To do:
Everything from the line holding "Building Photo - 309 S Boulder Ave" through the last line of the records should be repeated word for word, and pictures should be omitted.

------

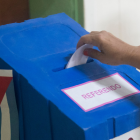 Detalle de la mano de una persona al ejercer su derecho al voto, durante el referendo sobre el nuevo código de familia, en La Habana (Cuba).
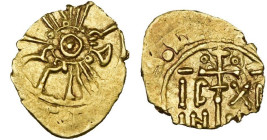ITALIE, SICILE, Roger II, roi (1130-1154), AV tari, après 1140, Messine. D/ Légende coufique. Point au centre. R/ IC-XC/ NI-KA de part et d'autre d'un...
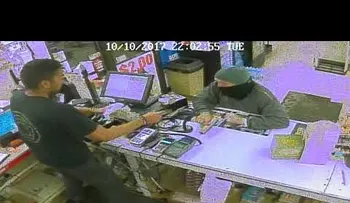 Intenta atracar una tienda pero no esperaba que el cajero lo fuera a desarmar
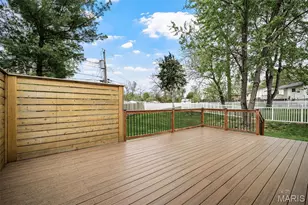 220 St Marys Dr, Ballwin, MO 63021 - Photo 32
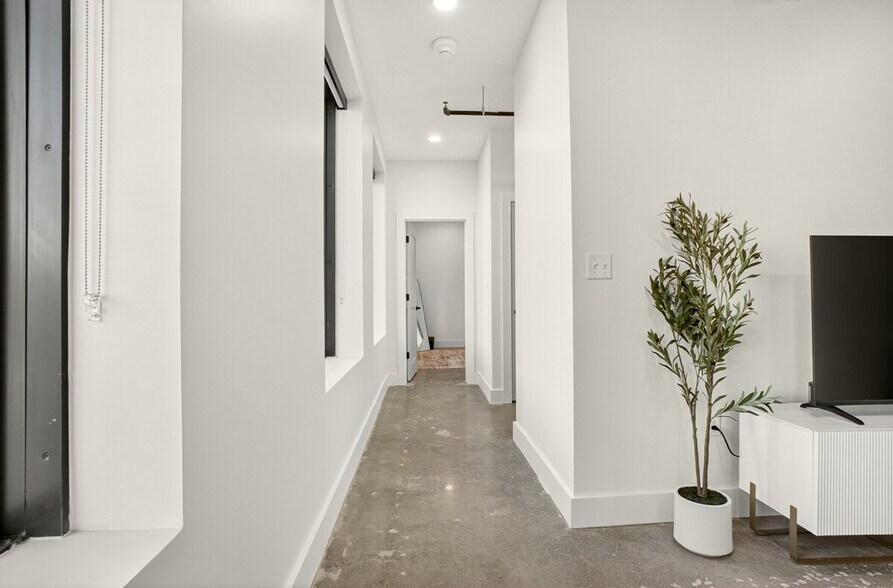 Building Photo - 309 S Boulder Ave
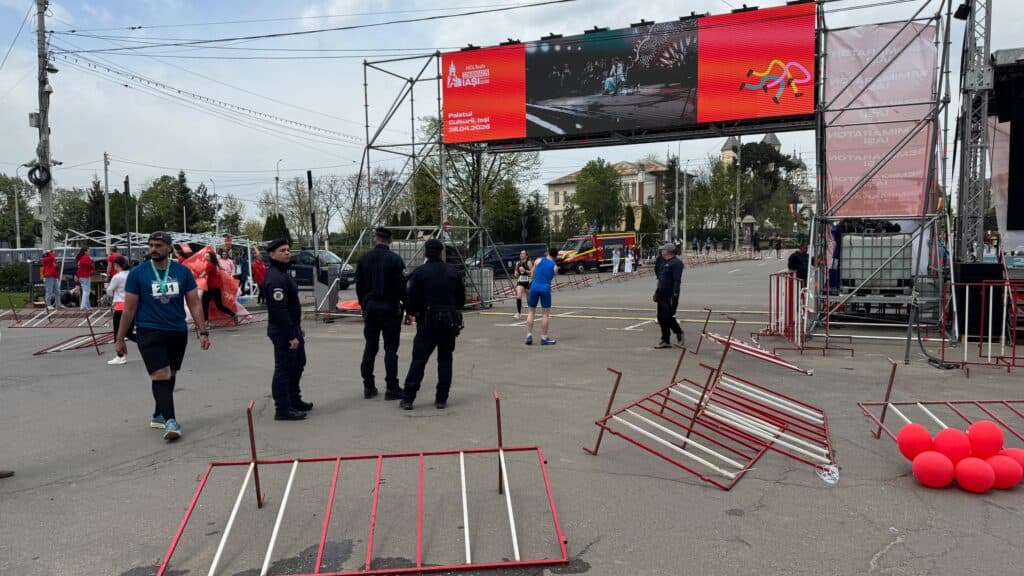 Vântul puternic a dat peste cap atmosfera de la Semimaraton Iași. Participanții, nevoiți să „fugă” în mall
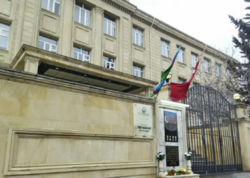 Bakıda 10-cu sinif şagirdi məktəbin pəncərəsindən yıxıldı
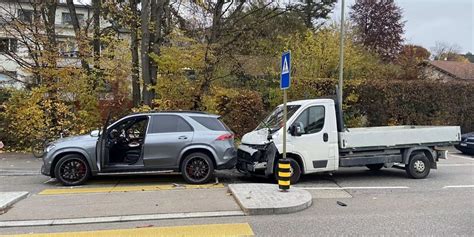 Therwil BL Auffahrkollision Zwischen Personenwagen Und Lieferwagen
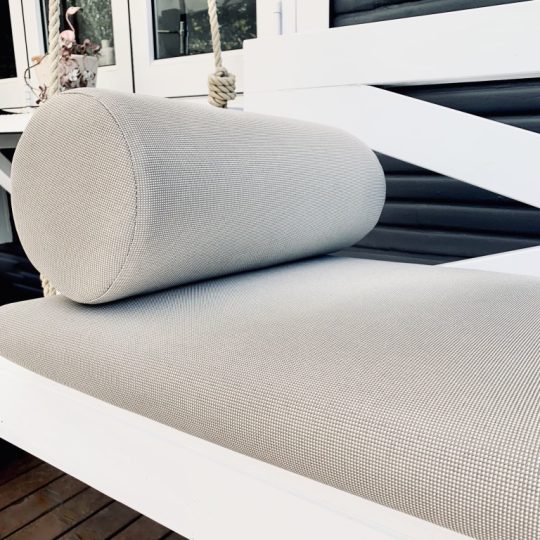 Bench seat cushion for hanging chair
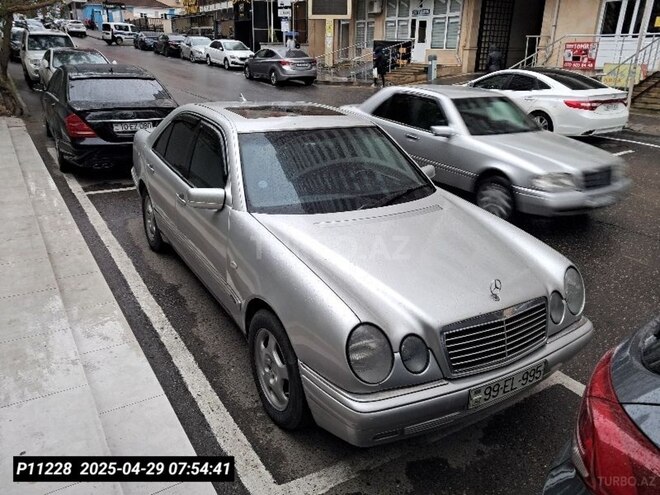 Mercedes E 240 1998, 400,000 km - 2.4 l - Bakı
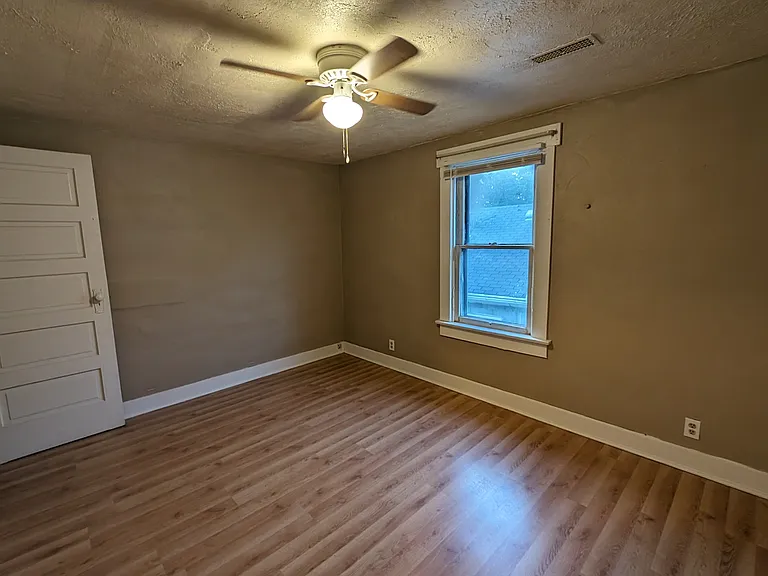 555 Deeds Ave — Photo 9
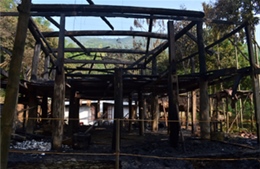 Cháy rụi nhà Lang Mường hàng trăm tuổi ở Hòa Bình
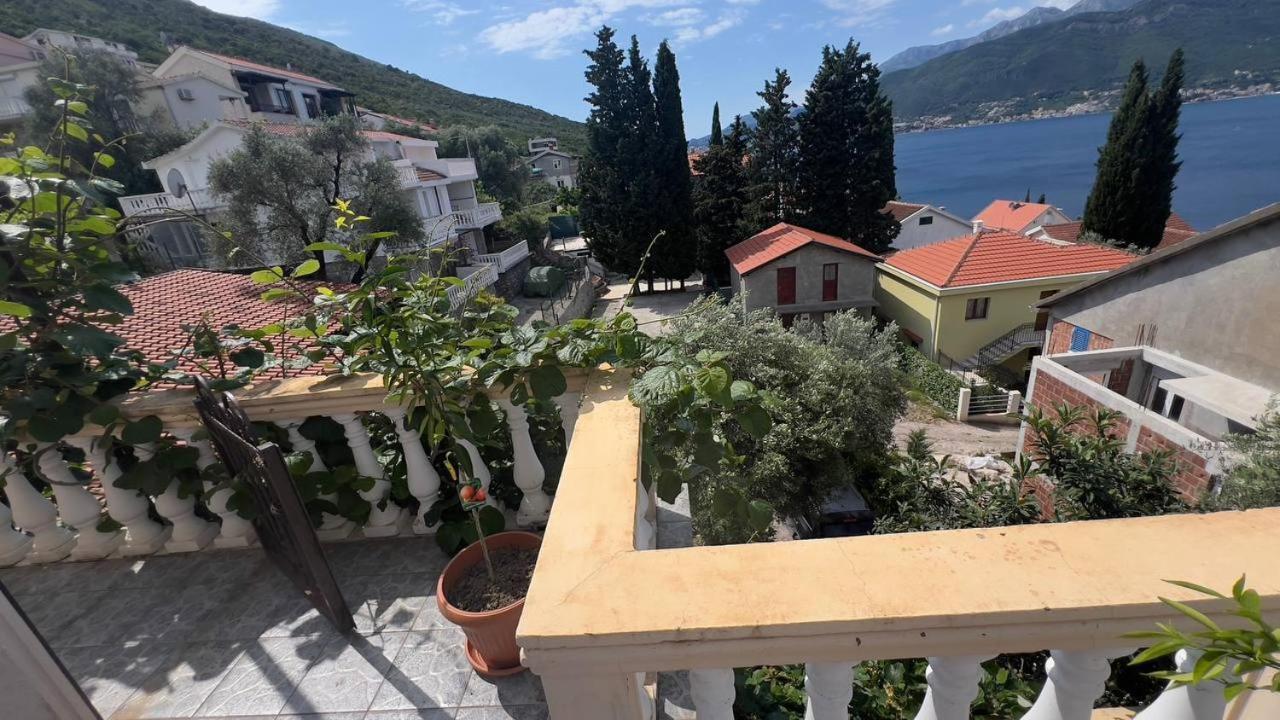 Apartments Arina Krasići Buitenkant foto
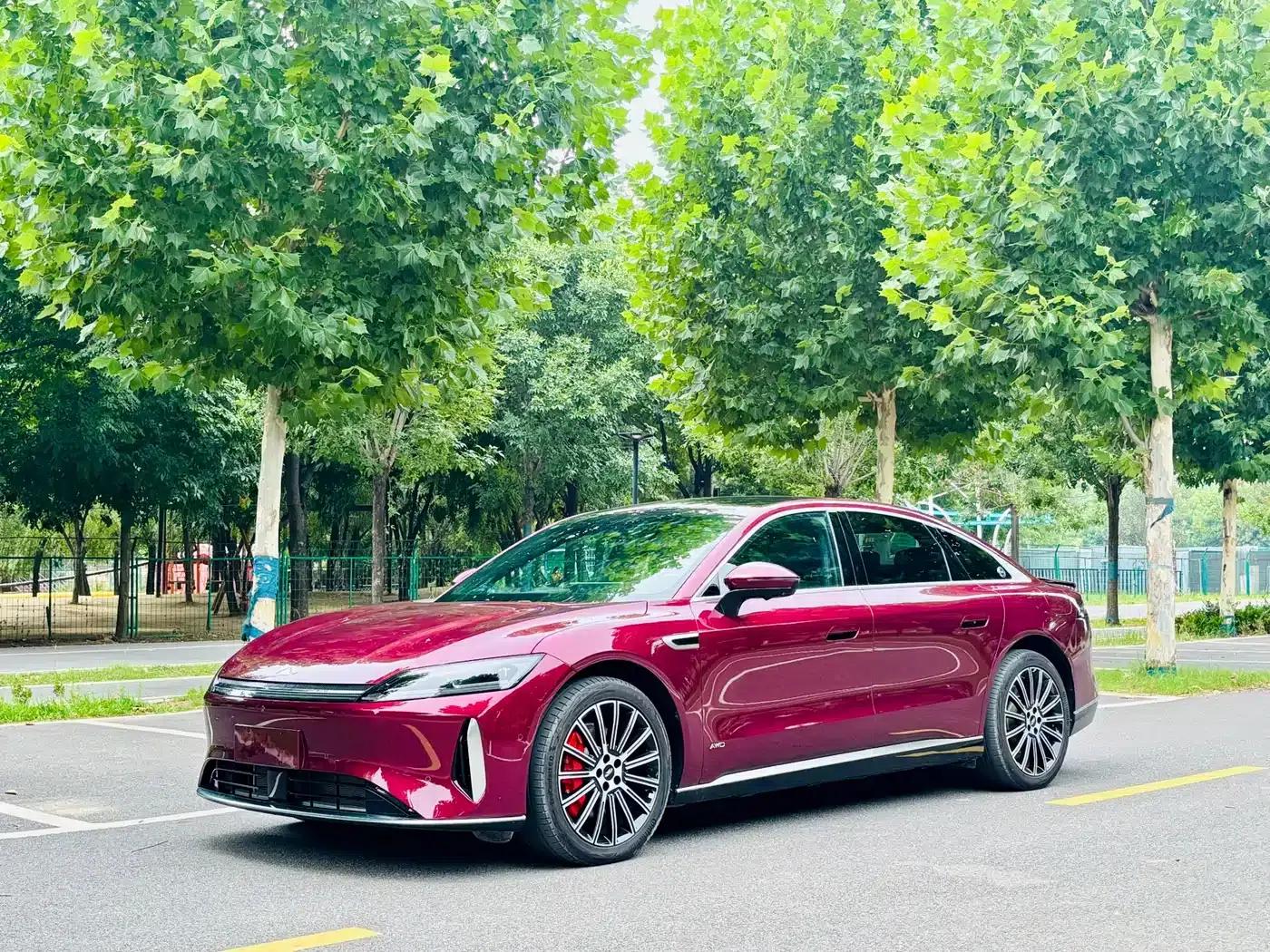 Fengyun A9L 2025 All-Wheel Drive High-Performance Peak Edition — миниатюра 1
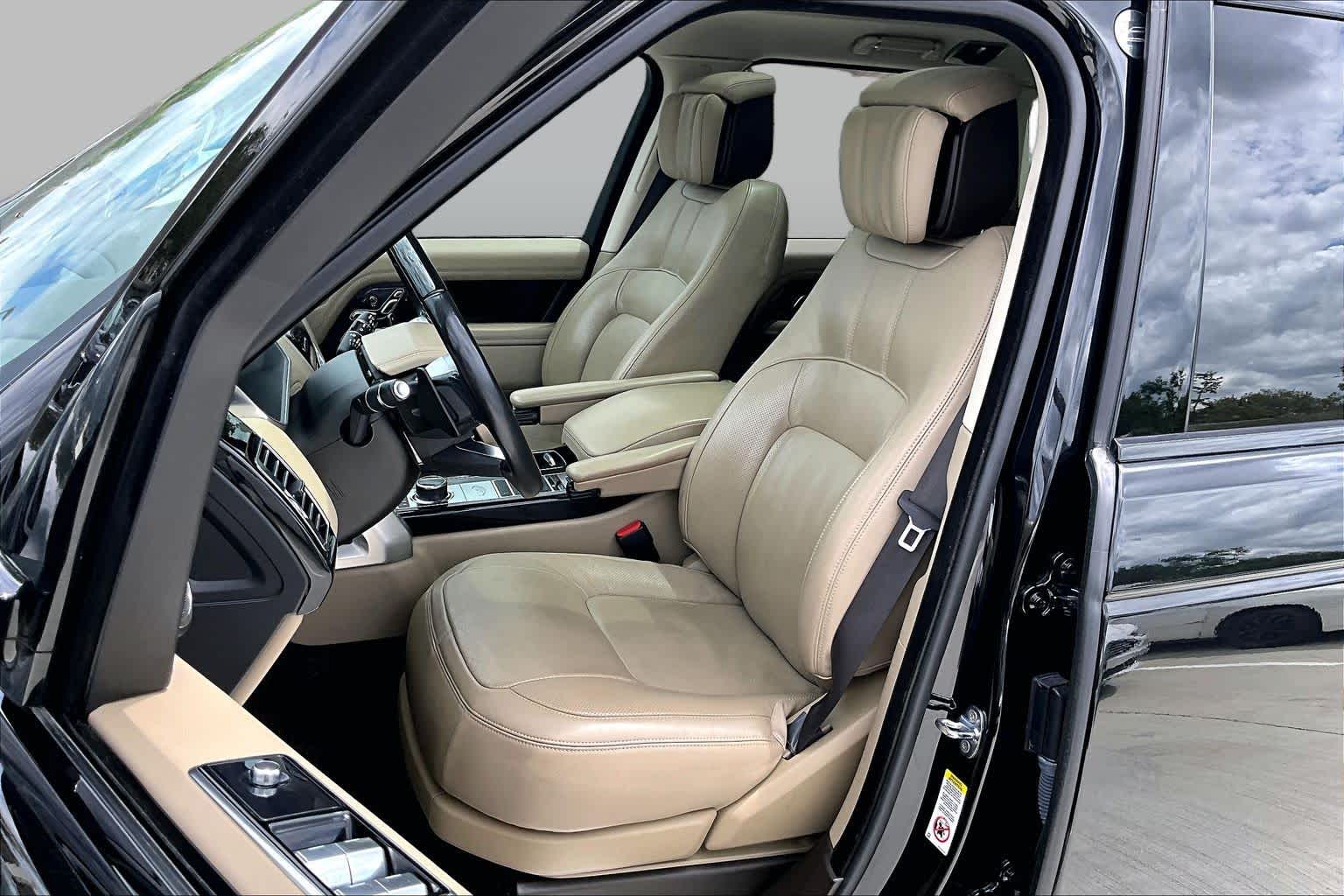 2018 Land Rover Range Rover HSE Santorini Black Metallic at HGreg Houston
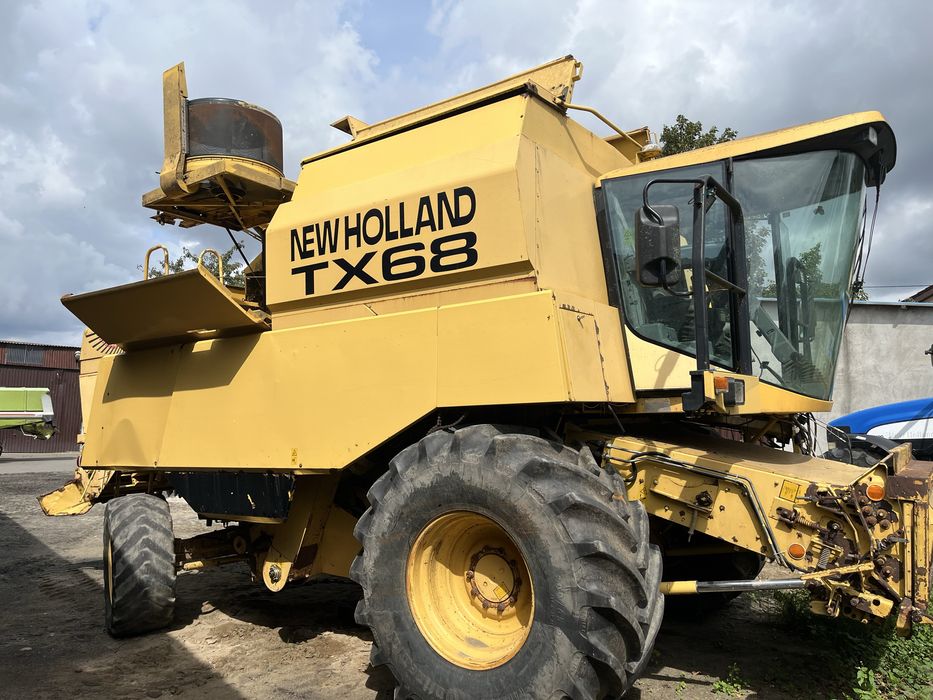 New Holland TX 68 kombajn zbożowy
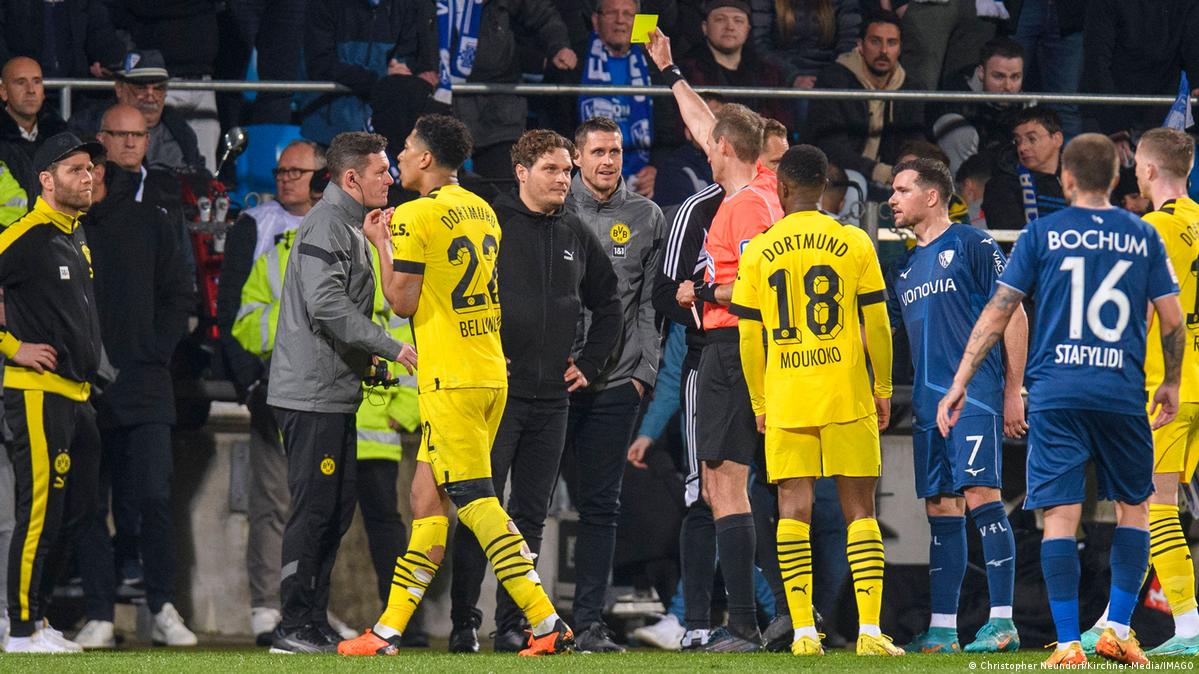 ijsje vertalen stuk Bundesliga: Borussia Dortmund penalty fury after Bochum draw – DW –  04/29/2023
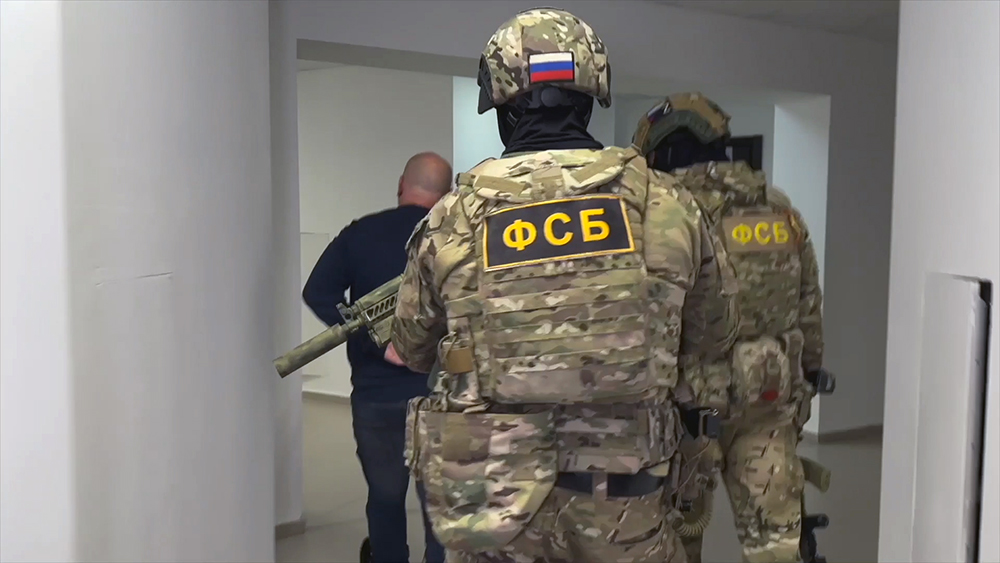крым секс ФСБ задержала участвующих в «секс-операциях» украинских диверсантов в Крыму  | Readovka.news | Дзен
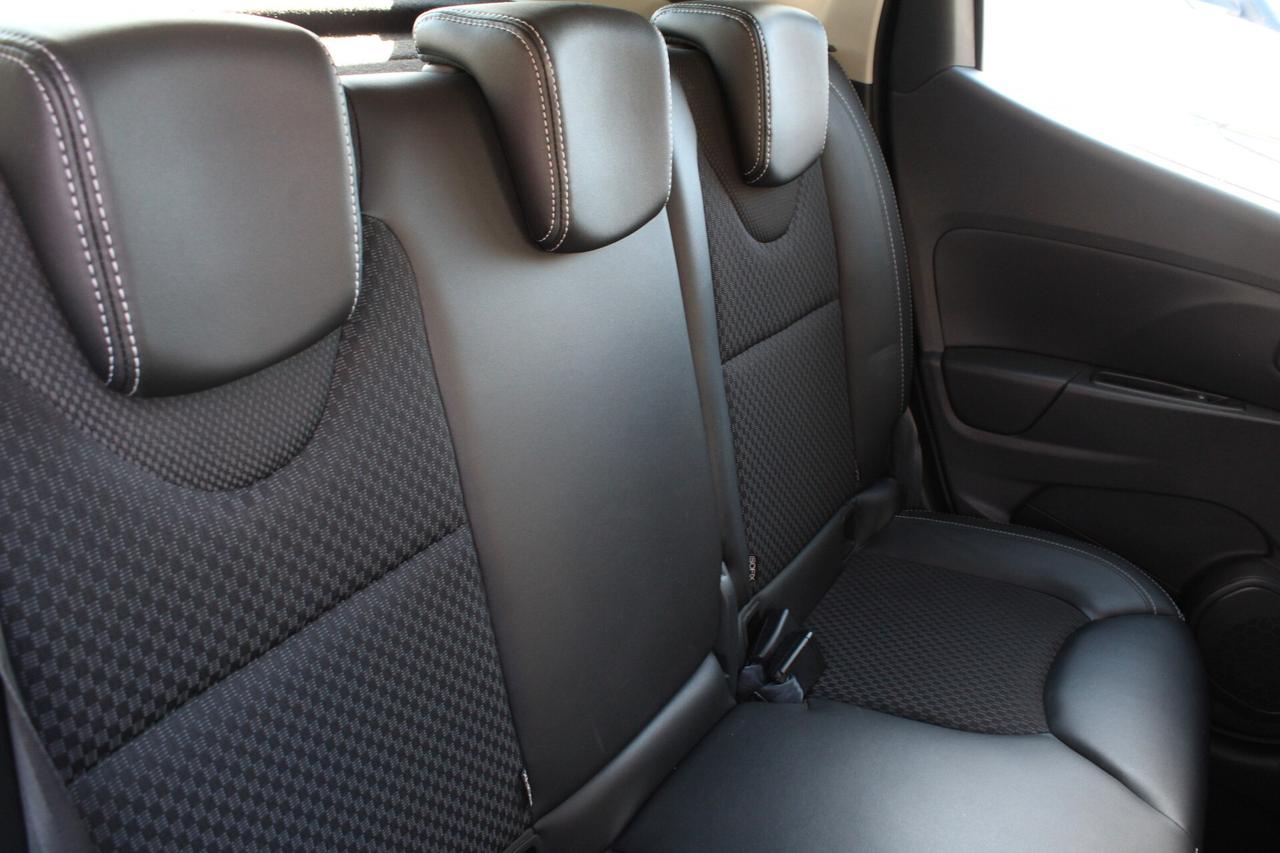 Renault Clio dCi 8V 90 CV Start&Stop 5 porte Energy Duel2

------

Solution:
 Building Photo - 309 S Boulder Ave
 Vântul puternic a dat peste cap atmosfera de la Semimaraton Iași. Participanții, nevoiți să „fugă” în mall
 Bakıda 10-cu sinif şagirdi məktəbin pəncərəsindən yıxıldı
 Therwil BL Auffahrkollision Zwischen Personenwagen Und Lieferwagen
 Bench seat cushion for hanging chair
 Mercedes E 240 1998, 400,000 km - 2.4 l - Bakı
 555 Deeds Ave — Photo 9
 Cháy rụi nhà Lang Mường hàng trăm tuổi ở Hòa Bình
 Apartments Arina Krasići Buitenkant foto
 Fengyun A9L 2025 All-Wheel Drive High-Performance Peak Edition — миниатюра 1
 2018 Land Rover Range Rover HSE Santorini Black Metallic at HGreg Houston
 New Holland TX 68 kombajn zbożowy
 ijsje vertalen stuk Bundesliga: Borussia Dortmund penalty fury after Bochum draw – DW –  04/29/2023
крым секс ФСБ задержала участвующих в «секс-операциях» украинских диверсантов в Крыму  | Readovka.news | Дзен
 Renault Clio dCi 8V 90 CV Start&Stop 5 porte Energy Duel2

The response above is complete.